• **STORED DATA**
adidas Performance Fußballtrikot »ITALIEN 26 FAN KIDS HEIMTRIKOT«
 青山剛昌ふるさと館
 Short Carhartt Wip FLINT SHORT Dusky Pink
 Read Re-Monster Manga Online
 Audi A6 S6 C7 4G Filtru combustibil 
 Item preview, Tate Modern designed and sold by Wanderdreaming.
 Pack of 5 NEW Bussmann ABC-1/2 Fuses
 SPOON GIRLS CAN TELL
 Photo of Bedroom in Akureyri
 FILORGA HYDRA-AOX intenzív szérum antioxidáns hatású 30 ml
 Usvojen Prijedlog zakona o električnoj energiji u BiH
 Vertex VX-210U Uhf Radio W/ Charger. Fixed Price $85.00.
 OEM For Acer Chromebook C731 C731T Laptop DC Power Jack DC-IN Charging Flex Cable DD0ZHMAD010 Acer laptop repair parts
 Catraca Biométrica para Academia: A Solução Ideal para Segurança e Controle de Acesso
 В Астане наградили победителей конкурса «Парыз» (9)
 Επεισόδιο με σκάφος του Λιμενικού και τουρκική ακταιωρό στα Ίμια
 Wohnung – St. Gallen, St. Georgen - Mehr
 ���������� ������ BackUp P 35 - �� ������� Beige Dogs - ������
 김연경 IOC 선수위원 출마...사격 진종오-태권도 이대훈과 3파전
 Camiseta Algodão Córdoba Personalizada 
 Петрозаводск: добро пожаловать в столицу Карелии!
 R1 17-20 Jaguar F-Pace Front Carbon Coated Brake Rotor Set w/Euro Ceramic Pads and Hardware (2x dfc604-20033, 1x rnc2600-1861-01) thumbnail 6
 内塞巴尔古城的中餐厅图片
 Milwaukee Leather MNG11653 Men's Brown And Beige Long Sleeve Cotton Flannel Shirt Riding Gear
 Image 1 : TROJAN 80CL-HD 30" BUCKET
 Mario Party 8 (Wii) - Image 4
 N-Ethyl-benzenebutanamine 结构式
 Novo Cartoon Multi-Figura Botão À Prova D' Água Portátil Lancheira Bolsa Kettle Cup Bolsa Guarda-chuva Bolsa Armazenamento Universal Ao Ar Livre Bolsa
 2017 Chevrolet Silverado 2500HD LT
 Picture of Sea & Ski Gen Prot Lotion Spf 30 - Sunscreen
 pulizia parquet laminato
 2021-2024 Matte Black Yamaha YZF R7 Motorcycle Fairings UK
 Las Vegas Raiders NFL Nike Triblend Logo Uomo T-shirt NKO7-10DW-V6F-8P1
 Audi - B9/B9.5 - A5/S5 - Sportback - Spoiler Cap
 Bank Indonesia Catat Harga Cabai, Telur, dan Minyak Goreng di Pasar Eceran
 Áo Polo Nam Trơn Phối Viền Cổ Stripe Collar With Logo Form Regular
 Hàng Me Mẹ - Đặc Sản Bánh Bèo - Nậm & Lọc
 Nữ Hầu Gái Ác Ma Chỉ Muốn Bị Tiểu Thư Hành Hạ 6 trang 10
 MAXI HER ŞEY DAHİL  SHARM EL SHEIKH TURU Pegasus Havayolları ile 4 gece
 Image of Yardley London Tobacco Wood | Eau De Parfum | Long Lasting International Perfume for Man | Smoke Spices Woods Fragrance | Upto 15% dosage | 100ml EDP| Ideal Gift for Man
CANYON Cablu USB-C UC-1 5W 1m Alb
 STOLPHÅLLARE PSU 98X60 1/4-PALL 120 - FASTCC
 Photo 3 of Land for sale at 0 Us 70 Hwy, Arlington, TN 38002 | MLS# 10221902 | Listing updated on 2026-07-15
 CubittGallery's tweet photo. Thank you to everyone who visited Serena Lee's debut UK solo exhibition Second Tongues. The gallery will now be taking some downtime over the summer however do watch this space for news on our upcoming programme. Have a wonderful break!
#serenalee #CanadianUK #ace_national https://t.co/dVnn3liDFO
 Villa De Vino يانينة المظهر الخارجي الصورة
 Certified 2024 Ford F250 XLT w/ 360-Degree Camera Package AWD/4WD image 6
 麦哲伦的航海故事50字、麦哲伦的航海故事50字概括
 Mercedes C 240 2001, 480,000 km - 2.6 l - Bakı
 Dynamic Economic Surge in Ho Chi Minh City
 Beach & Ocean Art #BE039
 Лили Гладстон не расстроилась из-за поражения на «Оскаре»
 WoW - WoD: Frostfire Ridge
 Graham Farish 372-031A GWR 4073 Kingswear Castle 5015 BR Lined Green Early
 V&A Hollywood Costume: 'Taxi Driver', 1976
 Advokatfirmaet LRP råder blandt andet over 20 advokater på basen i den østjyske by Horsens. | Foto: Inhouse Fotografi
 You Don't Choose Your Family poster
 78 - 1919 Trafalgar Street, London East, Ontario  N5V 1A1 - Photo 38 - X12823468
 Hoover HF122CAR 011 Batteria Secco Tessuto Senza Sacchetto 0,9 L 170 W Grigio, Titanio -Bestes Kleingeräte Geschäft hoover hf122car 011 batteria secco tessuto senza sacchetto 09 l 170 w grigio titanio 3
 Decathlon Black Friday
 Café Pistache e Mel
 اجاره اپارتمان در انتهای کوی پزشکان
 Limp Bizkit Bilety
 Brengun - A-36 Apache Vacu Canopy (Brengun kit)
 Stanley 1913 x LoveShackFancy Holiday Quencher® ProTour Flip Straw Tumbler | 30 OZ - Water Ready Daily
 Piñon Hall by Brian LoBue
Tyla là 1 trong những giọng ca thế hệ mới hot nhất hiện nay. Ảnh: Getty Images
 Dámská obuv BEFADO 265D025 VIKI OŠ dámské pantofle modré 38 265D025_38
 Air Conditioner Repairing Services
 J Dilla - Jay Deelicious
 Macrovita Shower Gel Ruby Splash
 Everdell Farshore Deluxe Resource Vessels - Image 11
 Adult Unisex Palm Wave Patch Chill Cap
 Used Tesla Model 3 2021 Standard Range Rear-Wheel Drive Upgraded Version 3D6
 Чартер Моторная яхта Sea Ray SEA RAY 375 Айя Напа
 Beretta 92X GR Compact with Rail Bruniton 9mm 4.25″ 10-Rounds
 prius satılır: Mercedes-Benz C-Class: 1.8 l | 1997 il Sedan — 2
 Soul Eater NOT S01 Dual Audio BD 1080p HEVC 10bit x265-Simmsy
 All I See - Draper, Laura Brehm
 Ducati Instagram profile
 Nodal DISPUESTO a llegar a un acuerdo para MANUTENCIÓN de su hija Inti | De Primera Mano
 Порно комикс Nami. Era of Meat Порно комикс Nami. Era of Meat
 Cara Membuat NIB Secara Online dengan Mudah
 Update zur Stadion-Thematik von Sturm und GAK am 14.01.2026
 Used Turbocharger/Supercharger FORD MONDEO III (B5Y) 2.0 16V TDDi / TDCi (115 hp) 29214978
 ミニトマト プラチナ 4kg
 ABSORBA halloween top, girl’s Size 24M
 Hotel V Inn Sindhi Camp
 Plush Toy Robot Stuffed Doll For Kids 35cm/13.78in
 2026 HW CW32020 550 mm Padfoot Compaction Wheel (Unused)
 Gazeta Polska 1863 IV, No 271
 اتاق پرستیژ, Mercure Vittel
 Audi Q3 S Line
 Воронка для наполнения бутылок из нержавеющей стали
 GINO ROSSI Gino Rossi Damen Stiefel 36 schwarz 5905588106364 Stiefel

• **EXERCISE AIM**
Your response should be the exact lines running from the one with "Gazeta Polska 1863 IV, No 271" to the final line of the material above.

• **EXERCISE RESPONSE**
 Gazeta Polska 1863 IV, No 271
 اتاق پرستیژ, Mercure Vittel
 Audi Q3 S Line
 Воронка для наполнения бутылок из нержавеющей стали
 GINO ROSSI Gino Rossi Damen Stiefel 36 schwarz 5905588106364 Stiefel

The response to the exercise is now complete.